Clangers, mis-kicks and blatant errors - there are some moments Bundesliga stars past and present just can't live down...
Tomislav Piplica is a great example of the above. Back in 2001/02, the Energie Cottbus goalkeeper completely misjudged a deflected strike from Borussia Mönchengladbach's Marcel Witeczek, expecting the effort to clear his crossbar. Instead, he stood rooted to the spot as the ball dropped onto the back of his head and in for one of the most bizarre own-goals in Bundesliga history.
Watch: Heads up, Tomislav!
Another wonderfully curious moment from the Bundesliga's 60-year archive involves goalkeeper Ron-Robert Zieler. Taking a moment to adjust his left sock, Zieler wasn't even looking at the ball when VfB Stuttgart teammate Borna Sosa launched a routine throw-in back to his No.1. He tried desperately to prevent it going in, but in doing - and to his detriment - got the faintest of touches. Had the former Germany stopper left it, the goal would not have counted and Werder Bremen, as per the rule book, would have been awarded a corner-kick. Luckily for him, VfB ran out 2-1 winners.
Watch: Ron-Robert Zieler switches off
Outfield players are not immune to a spot of egg on their face, either. On 9 November 2014, in a game between Gladbach and Borussia Dortmund, Zieler's World Cup-winning teammate Christoph Kramer scored a quite remarkable own goal. Taking possession in the centre circle, the German midfielder attempted to guide a pass back to Yann Sommer. To his disbelief - and everyone else's in attendance - he contrived to loft the ball over his goalkeeper from all of 45 yards. To add salt into the wound, it was the only goal of the game.
Watch: Christoph Kramer's downtown lob
If Kramer's effort was a gift, a goal scored by Frank Mill during the 1987/88 season was more of a steal.

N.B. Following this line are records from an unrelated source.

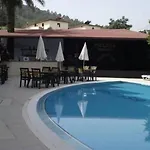 Rich Melissa Resort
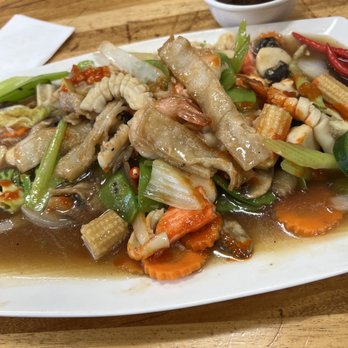 Pho Saigon - S9. Crispy Rice Noodles with Choice of Meat - Vietnamese Near Me - West Allis, Wisconsin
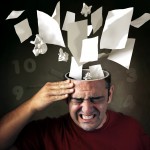 Stress - mand med en masse papirer flyvende ud af hovedet
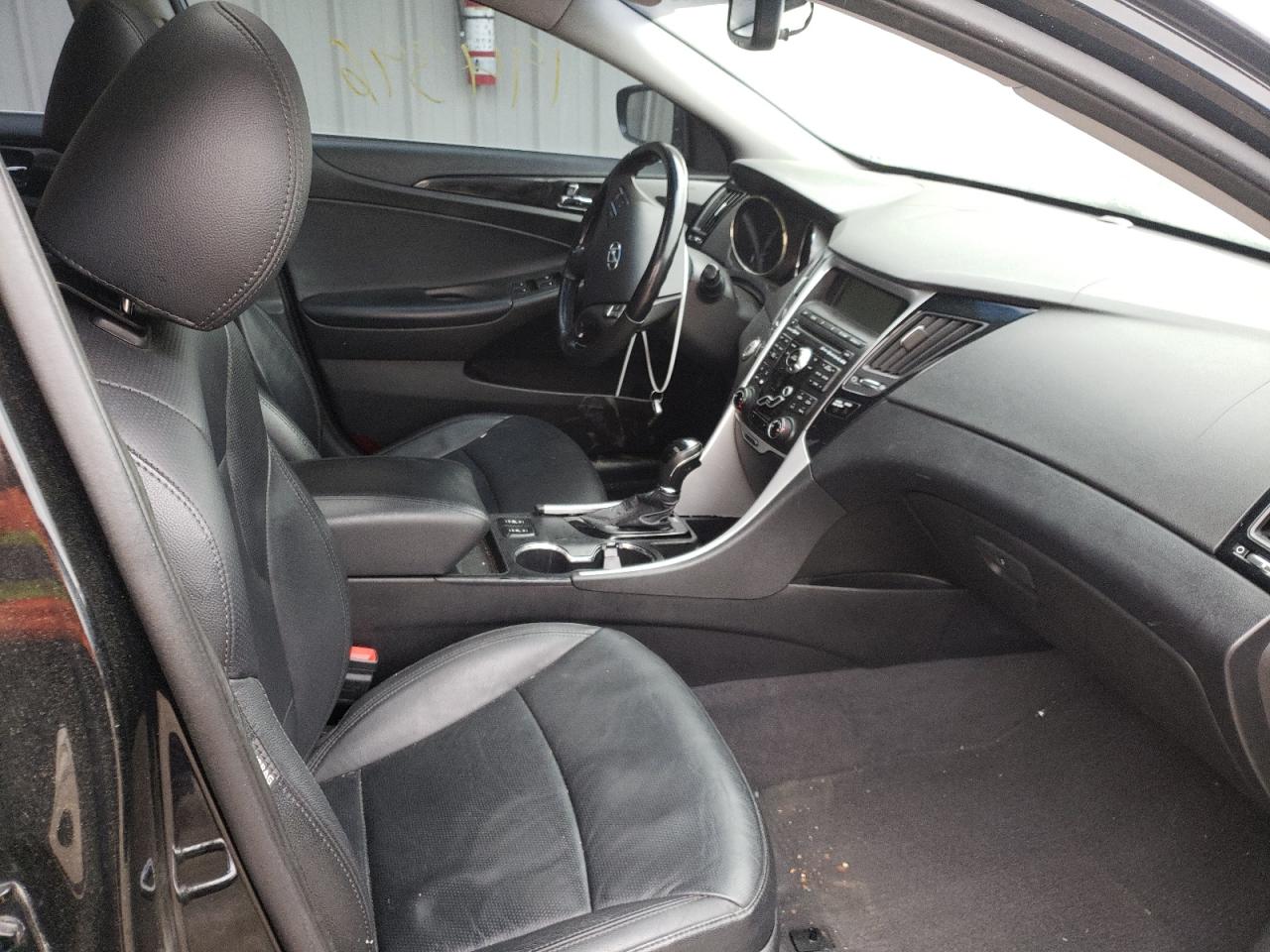 Photo 5 from auction – 2011 HYUNDAI SONATA SE with VIN 5NPEC4AC1BH090102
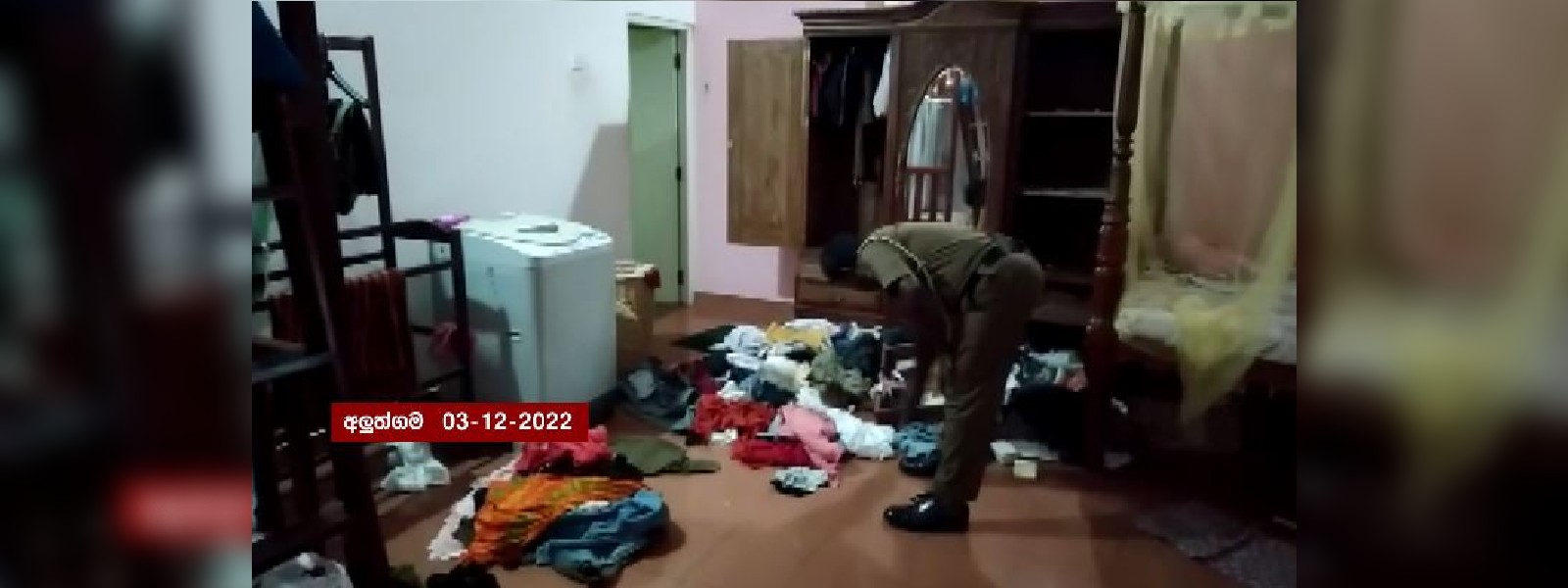 පොලිස් පරීක්ෂකවරයෙකුගේ නිවසක කොල්ලයක්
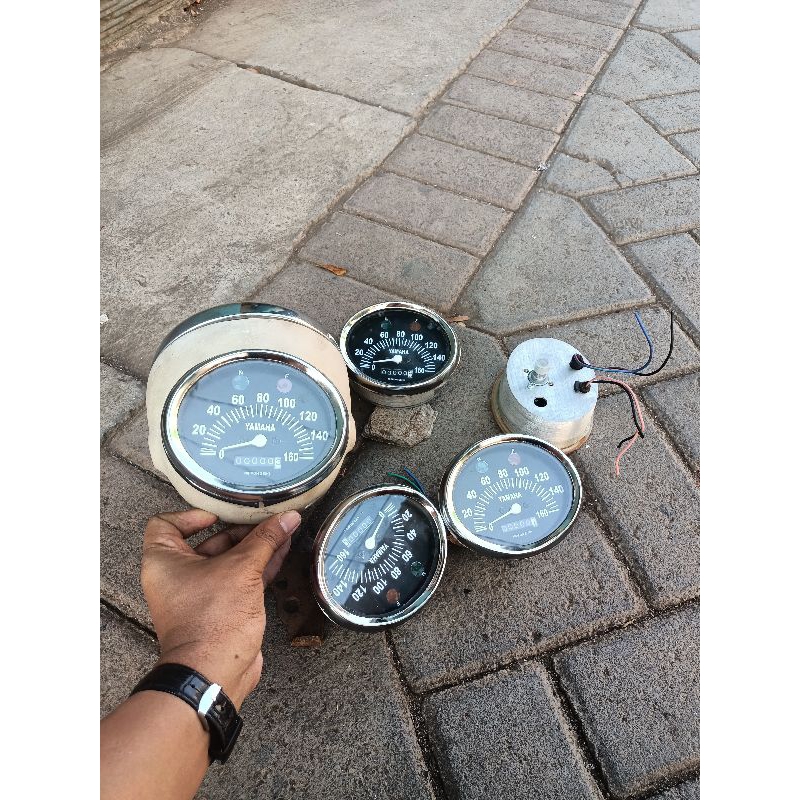 Batok lampu YL 1 YAMAHA YASI VIBER SET SPEEDOMETER/BATOK YL SATU YAZI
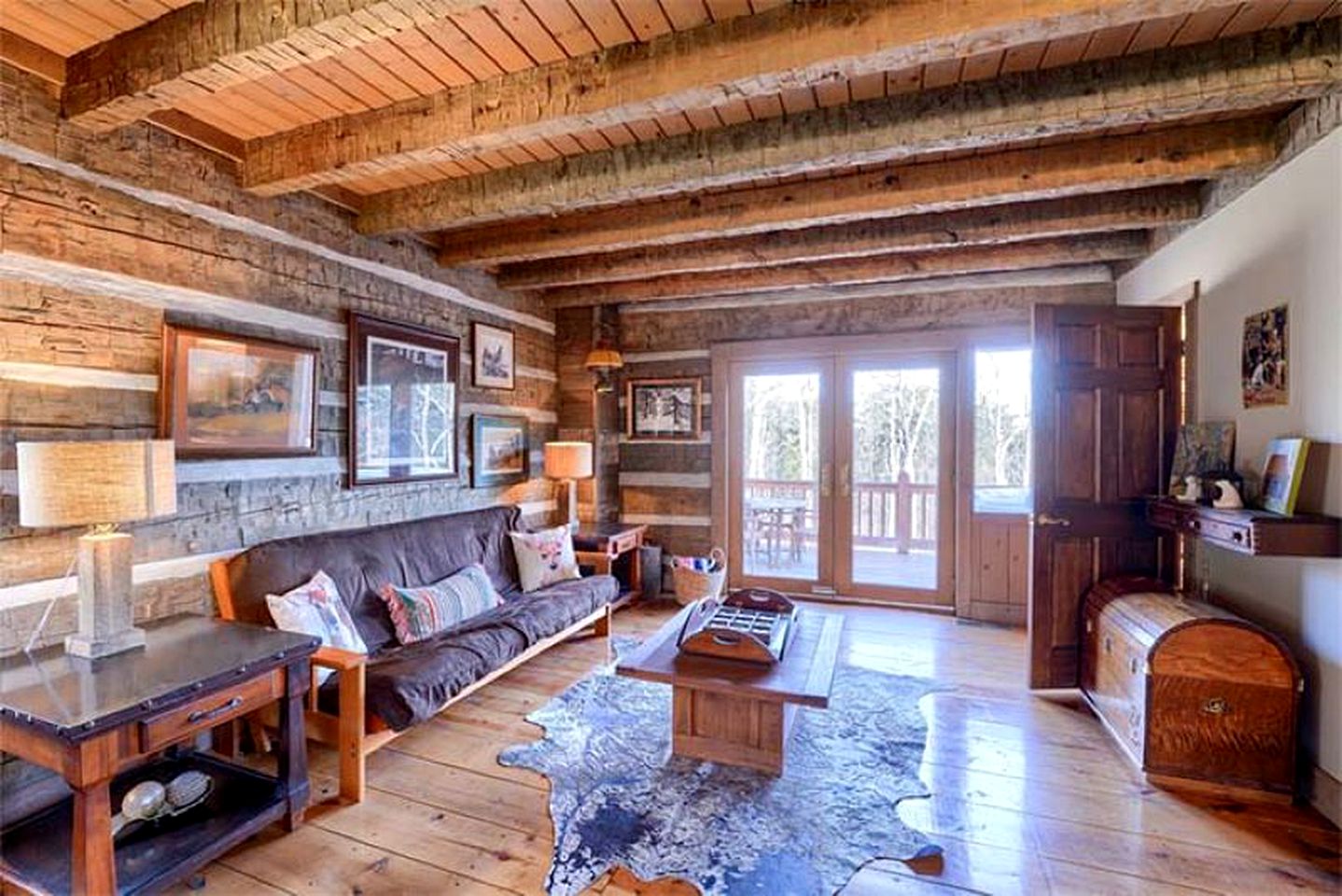 Rustic Log Cabin Rental in Logan, Ohio, for Dreamy Glamping Stays in Hocking Hills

The Dortmund striker exploited a loophole in the rules by using his head to knock the ball out of the hand of Ralf Raps as the Hannover goalkeeper prepared for a drop-kick, before tucking into the unguarded net. Nowadays, that wouldn't be allowed, but back then only the use of feet to dispossess a goalkeeper with one hand on the ball was outlawed.
It was one of more than 120 Bundesliga goals scored by Mill, who is just as famous for his finishing as he is infamous for one of the greatest misses of all time. After rounding the goalkeeper on Matchday 1 of 1986/87, the Dortmund striker set himself inside the six-yard area, only to fire against the base of the upright.